Abstract 614: Neovascularisation after Erythropoietin Treatment in Heart Failure is Associated with Increased Myocardial Homing and Vascular Incorporation of Endothelial Progenitor Cells
Background: The hematopoietic hormone erythropoietin (EPO) has been implicated in myocardial neovascularisation in heart failure. The underlying mechanism is unknown and might involve endothelial progenitor cells (EPC). Therefore, we evaluated the role of bone marrow derived EPC in EPO induced neovascularisation.

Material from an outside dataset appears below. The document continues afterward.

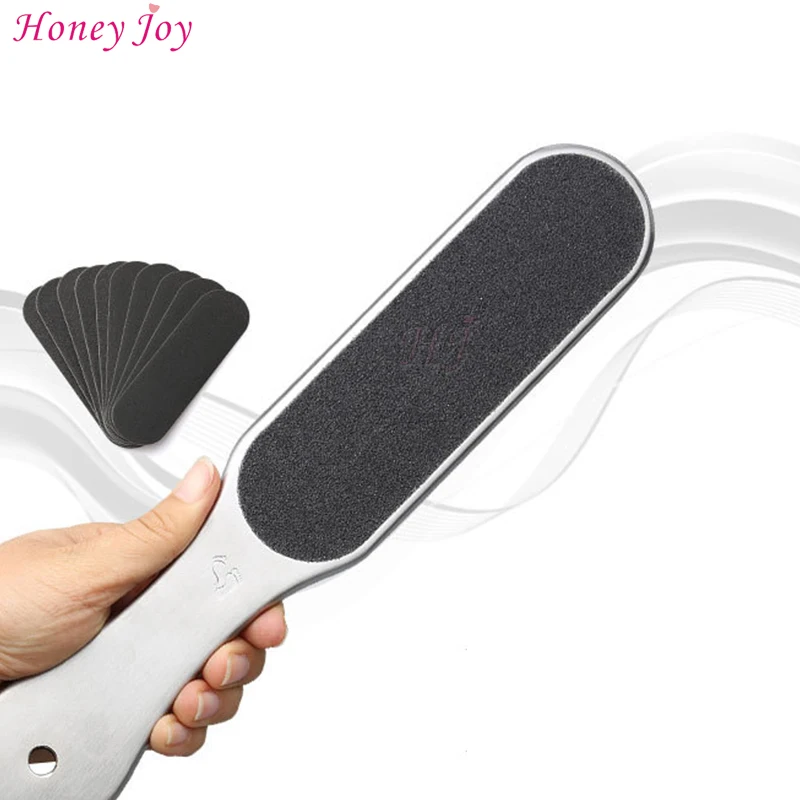 1set Big Pro Pedicure Feet Care Foot Rasp Stainless Metal Handle With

Methods: Bone marrow of male Fischer (f344) rats was replaced by bone marrow cells that ubiquitously expressed human placental alkaline phosphatase (hPAP). Hereafter, heart failure was induced by myocardial infarction (MI), and rats were randomly allocated to EPO (MI-EPO, n=12) or vehicle (MI, n=12, sham n=9) treatment starting three weeks after MI. After 9 weeks, the incorporation of EPC into the myocardial vasculature was evaluated by immunohistochemistry (hPAP+ and RECA (his52)+). The effects of treatment were further characterised by evaluating cardiac function, circulating EPC, capillary density and myocardial expression of vascular endothelial growth factor (VEGF).
Results: EPO significantly improved cardiac function (p<0.02) and restored capillary density to sham levels ( p<0.02 v.s. MI). EPO treatment resulted in a 3-fold increase in circulating EPC (p<0.03), and induced specific homing of EPC to the myocardium reflected by a 70 % increase in bone marrow derived endothelial cells (BMDEC) (p<0.02, figure 1⇓), and a significantly increased BMDEC / total BMDC ratio (p<0.001). The incorporation of EPC was associated with increased myocardial expression of VEGF, suggesting a paracrine mechanism of neovascularisation.
Conclusions: EPO-induced neovascularisation is associated with increased myocardial homing and vascular incorporation of EPC.